Omar Abdel Maksoud, Masr al-Arabia
Medium:Internet
Charge:Retaliatory
Imprisoned:April 15, 2014

Abdel Maksoud was first arrested on February 19, 2014, while covering a baby shower for a woman who had been taken into custody and forced to give birth in a hospital in handcuffs, according to news reports. The woman had been arrested on accusations of participating in an anti-government protest.

Activists organized a celebration for the woman and her baby in front of their home in the Al-Zawya Al-Hamra neighborhood in Cairo, days after the mother was released from custody, according to news reports. Police stormed the celebration, and beat and arrested the participants, including Abdel Maksoud, according to news reports.

Abdel Maksoud, a photographer, was covering the celebration for the independent Masr al-Arabia news website, the outlet said. Masr al-Arabia said the journalist was charged with working for Al-Jazeera, which is banned in Egypt on the accusation that it uses its reporting to serve the interests of the banned Muslim Brotherhood.

After nearly a month of detention in Tora prison in Cairo, Abdel Maksoud was released on bailon March 9, 2014, and continued to work with Masr al-Arabia.

On April 15, 2014, he was arrested againwhile visiting his family at their house in Mit Ghamr City, north of Cairo. Abdel Maksoud's family told reporters that police came to their house looking for the journalist, and arrested him and one of his brothers, Ibrahim. The next day, the police came back for another brother, Anas. All three were charged with setting fire to cars belonging to Abdel Fattah el-Sisi's presidential campaign. The cars had been set on fire a few days before the arrest, according to news reports.

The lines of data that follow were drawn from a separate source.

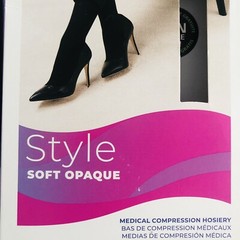 Sigvaris 841C Soft Opaque Knee High 15-20mmHg Compression Stockings Blue Iris SL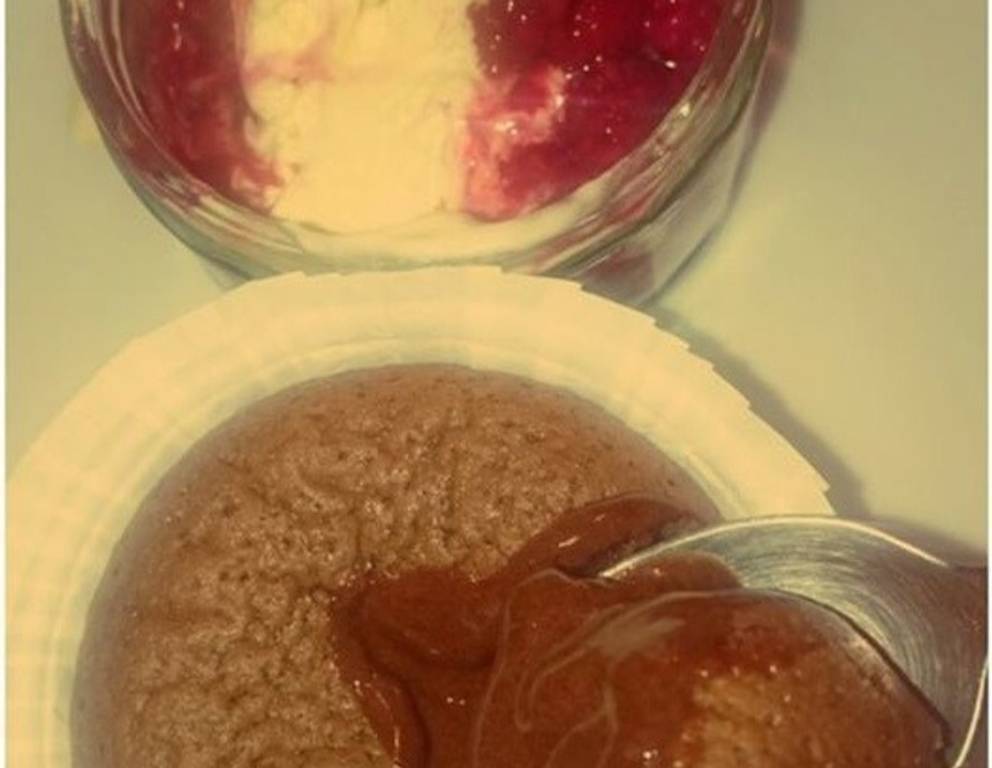 Schokolademuffins mit flüssigem Kern Schokolademuffins mit flüssigem Kern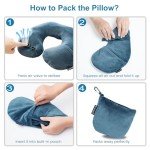 Keemall Washable Inflatable Travel Neck Pillow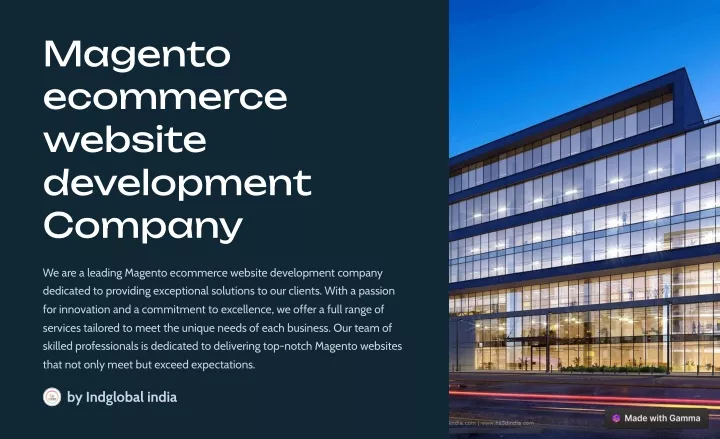 magento ecommerce website development company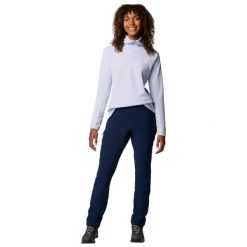 Spodnie sportowe damskie Back Beauty High-Rise Pant. Niebieskie spodnie dresowe Columbia, l, bez wzorów, z elastanu. Za 299.99 zł.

Abdel Maksoud was also charged with belonging to the Muslim Brotherhood. His colleagues and friends publicly denied the accusation.

Masr al-Arabia officials said Abdel Maksoud was on assignment for them in Cairo at the time of the alleged crime. Cairo is hundreds of miles from Mit Ghamr City, where the cars were attacked.

While Abdel Maksoud and his brothers were being held in pretrial detention, a court in the city of Mansoura ordered their release on bail twice, but the Ministry of Interior appealed in order to keep them in custody, according to reports citing their lawyer Malek Al-Ghazali. The court refused the ministry's appeal and ordered their release a third time on September 11, 2014, according to the reports.

The journalist's family posted bail of 15,000 Egyptian pounds (US$2,000), but the three brothers were not released. Ten days later, on September 21, 2014, Abdel Maksoud's family and his lawyers were told that the prosecution had brought a new case against them and that the three had been charged with participating in an illegal demonstration in Mit Ghamr, according to reports citing their lawyer.

Although the three brothers were in detention, the Mansoura Criminal Court on January 19, 2015, sentenced them in absentia to life in prison on charges of setting fire to cars and belonging to the Muslim Brotherhood, according to news reports. Abdel Maksoud and his defense lawyer were not informed about the court session.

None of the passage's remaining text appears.